Input data |
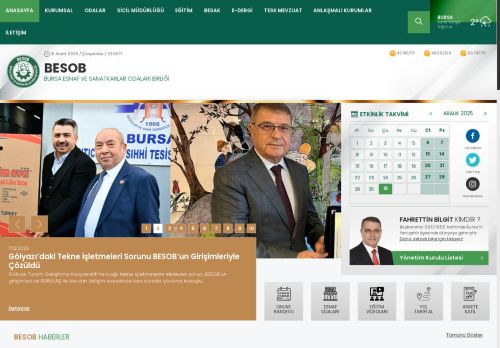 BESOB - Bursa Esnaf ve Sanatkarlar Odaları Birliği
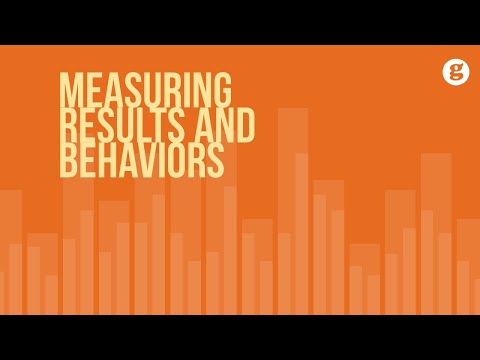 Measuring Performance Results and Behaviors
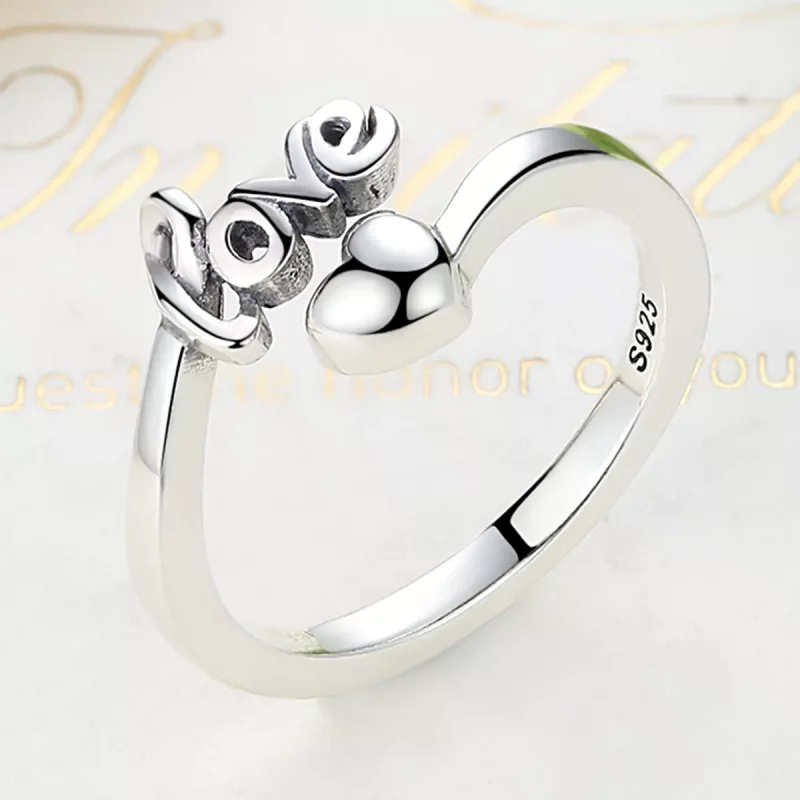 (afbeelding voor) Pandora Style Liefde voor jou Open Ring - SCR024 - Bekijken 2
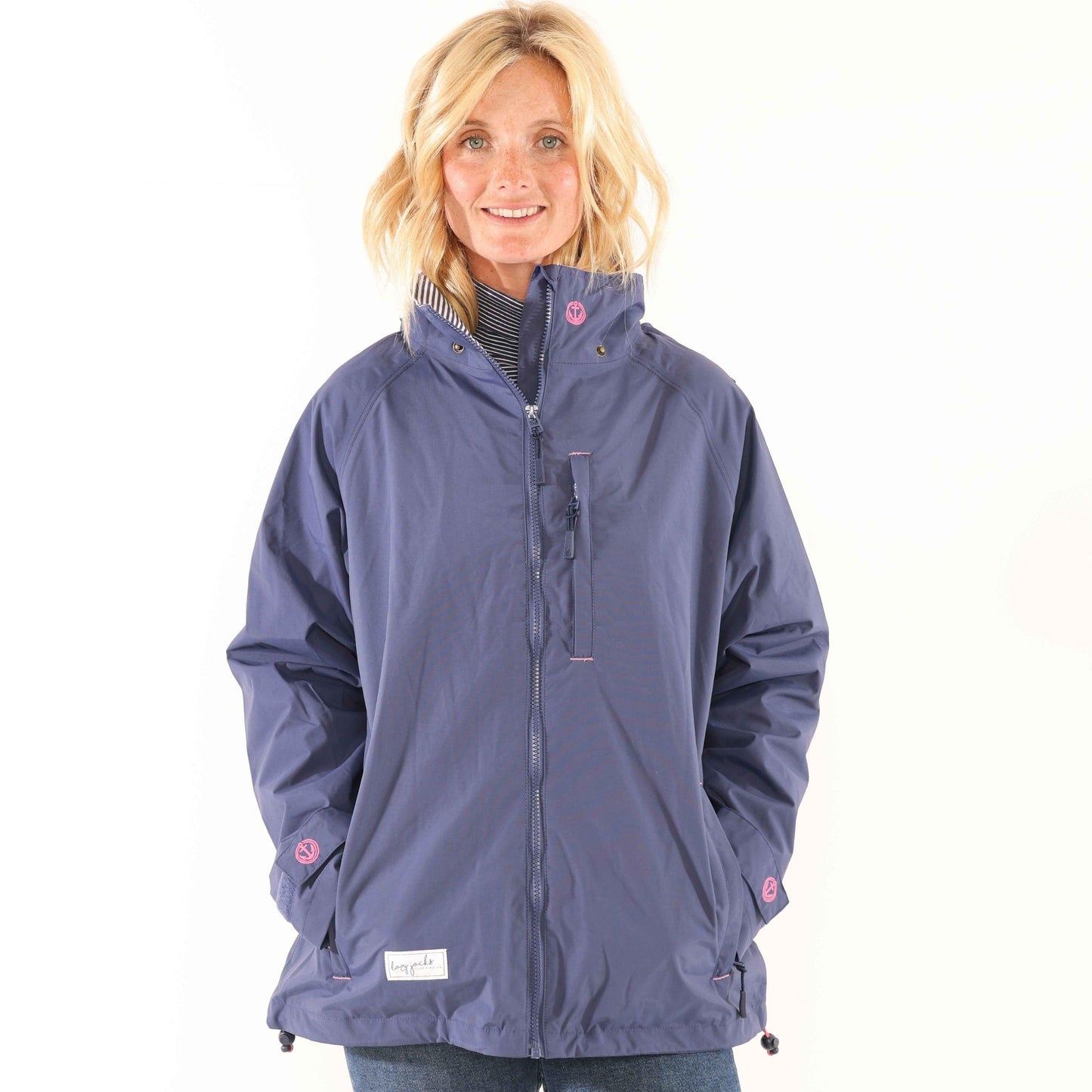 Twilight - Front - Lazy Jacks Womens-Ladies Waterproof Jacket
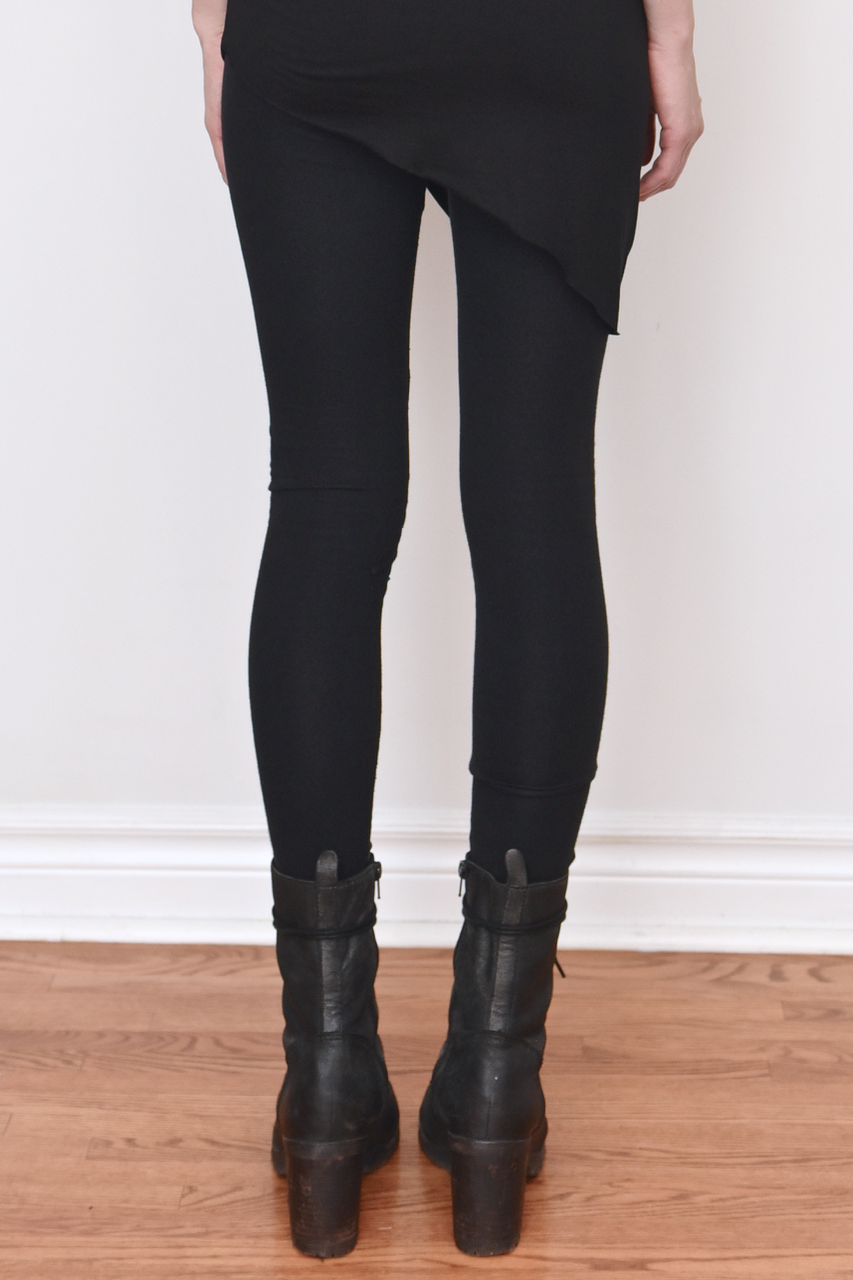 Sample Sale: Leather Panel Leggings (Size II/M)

Aim of the exercise | In the data above, find the line containing "Twilight - Front", then output it and every later line exactly, without the pictures.

Solved problem |
 Twilight - Front - Lazy Jacks Womens-Ladies Waterproof Jacket
 Sample Sale: Leather Panel Leggings (Size II/M)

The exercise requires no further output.